- Goal of the exercise
Reproduce, please, the line that holds "Roller Girl 1991" and all later lines through the end of the entries below, exactly; omit pictures.

** Opening Available data block **

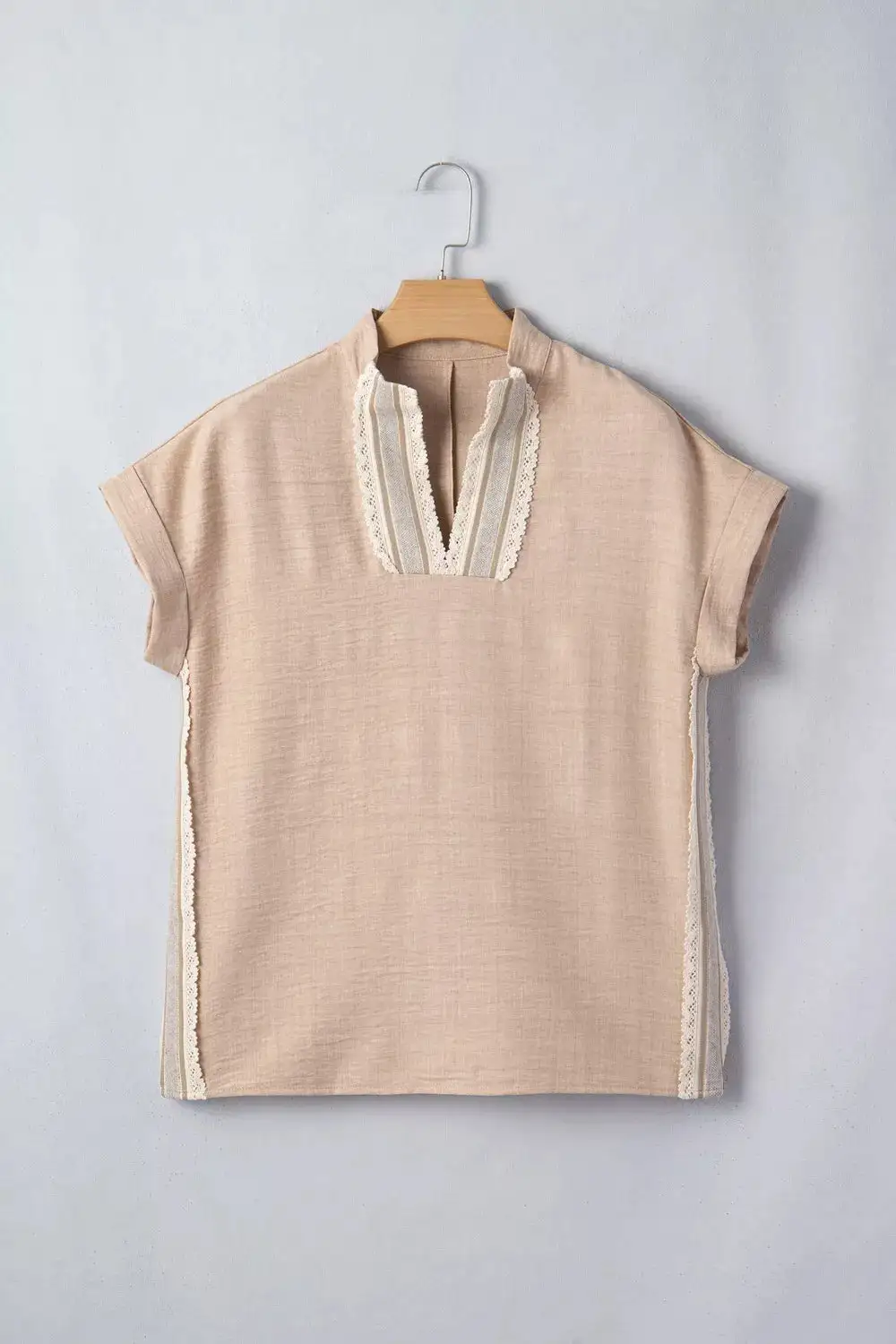 Crochet Lace Accent Pullover Rolled Short Sleeve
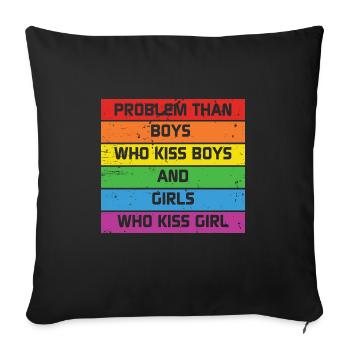 LBGT Flag Gay Pride Human Vintage Rainbow - Sofa pillowcase 17,3'' x 17,3'' (45 x 45 cm) - black - Front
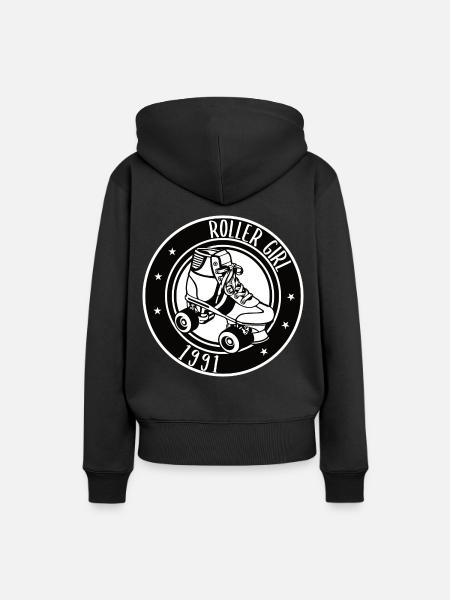 Roller Girl 1991 Geschenk - Frauen Premium Bio Hoodie - Schwarz
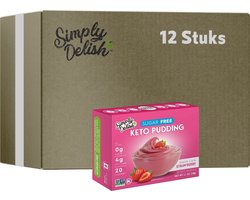 Simply Delish | Sugar Free Instant Pudding | Strawberry | 12 stuks | 12 x 48g
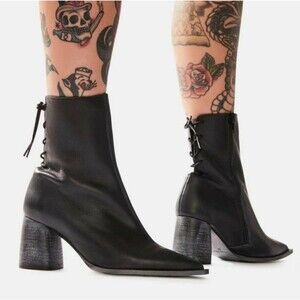 Free People Livia Leather Laceback Side Zip Pointy Toe Blue Block Heel Size 38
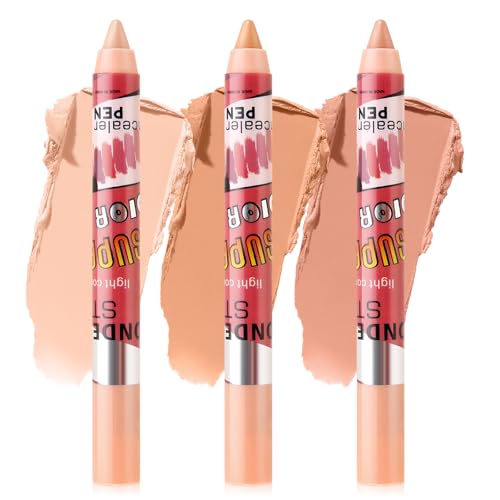 Boobeen 3 Pcs Lápices Correctores, Contorno Resaltador en Barra Maquillaje Multiusos Cremoso Mate Corrector en Barra Impermeable de Cobertura Total para el Rostro, Larga Duración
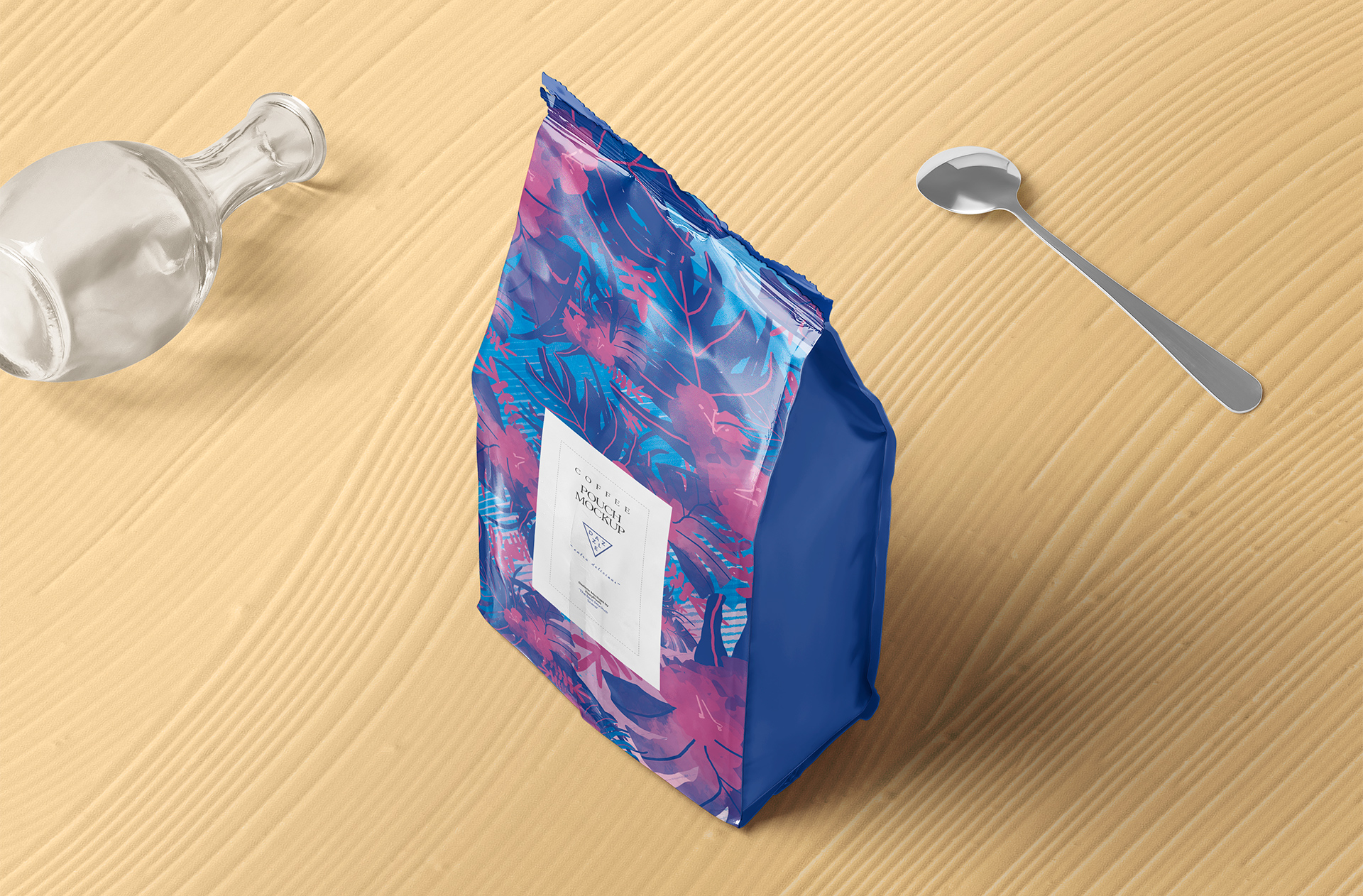 High-Quality Custom Coffee Pouch Mockup for Packaging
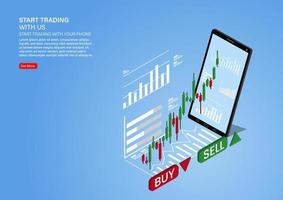 kandelaargrafiek van aandelenverkoop en -koop met behulp van mobiele telefoons, handel in marktinvesteringen, vectorillustratie vector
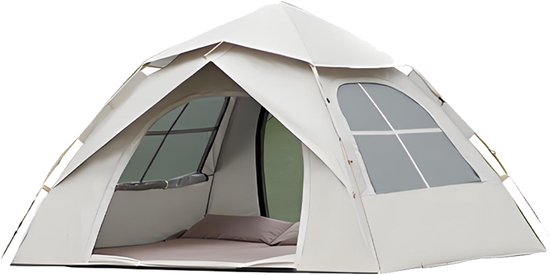 Automatische Pop-up Tent - Vierhoekige Kampeertent voor 2-3 Personen - Vaste Zonnekap - Inclusief Draagtas - Ideaal voor Gezinscamping en Festivals - Met Verzilverde UV-Block Coating - Snelle 3-Seconden Opzet - Wit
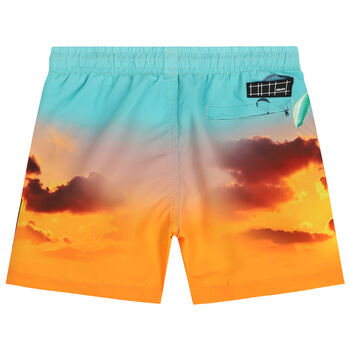 Boys Blue & Orange Parachute Swim Shorts
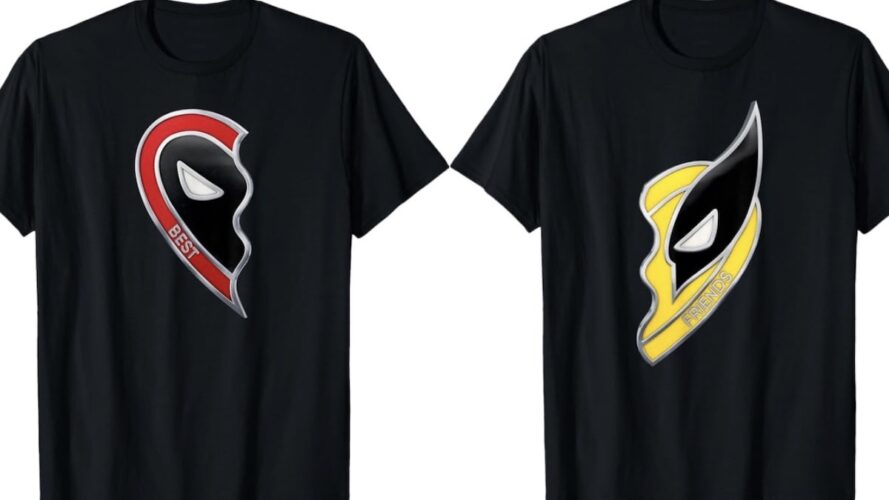 Deadpool & Wolverine heart charm best friends t-shirt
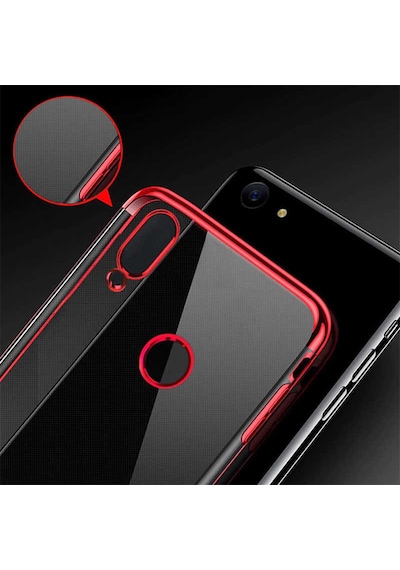 Huawei Y7 Prime 2019 / Huawei Y7 2019 Kılıf Zore Dört Köşeli Lazer Silikon Kılıf Kırmızı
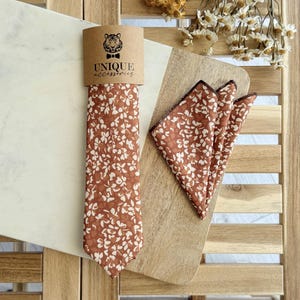 Terracotta Floral Necktie and Pocket Square, Rustic Wedding Floral Tie for Groom & Groomsmen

** Closing Available data block **

- Answer to the exercise
 Roller Girl 1991 Geschenk - Frauen Premium Bio Hoodie - Schwarz
 Simply Delish | Sugar Free Instant Pudding | Strawberry | 12 stuks | 12 x 48g
 Free People Livia Leather Laceback Side Zip Pointy Toe Blue Block Heel Size 38
 Boobeen 3 Pcs Lápices Correctores, Contorno Resaltador en Barra Maquillaje Multiusos Cremoso Mate Corrector en Barra Impermeable de Cobertura Total para el Rostro, Larga Duración
 High-Quality Custom Coffee Pouch Mockup for Packaging
 kandelaargrafiek van aandelenverkoop en -koop met behulp van mobiele telefoons, handel in marktinvesteringen, vectorillustratie vector
 Automatische Pop-up Tent - Vierhoekige Kampeertent voor 2-3 Personen - Vaste Zonnekap - Inclusief Draagtas - Ideaal voor Gezinscamping en Festivals - Met Verzilverde UV-Block Coating - Snelle 3-Seconden Opzet - Wit
 Boys Blue & Orange Parachute Swim Shorts
 Deadpool & Wolverine heart charm best friends t-shirt
 Huawei Y7 Prime 2019 / Huawei Y7 2019 Kılıf Zore Dört Köşeli Lazer Silikon Kılıf Kırmızı
 Terracotta Floral Necktie and Pocket Square, Rustic Wedding Floral Tie for Groom & Groomsmen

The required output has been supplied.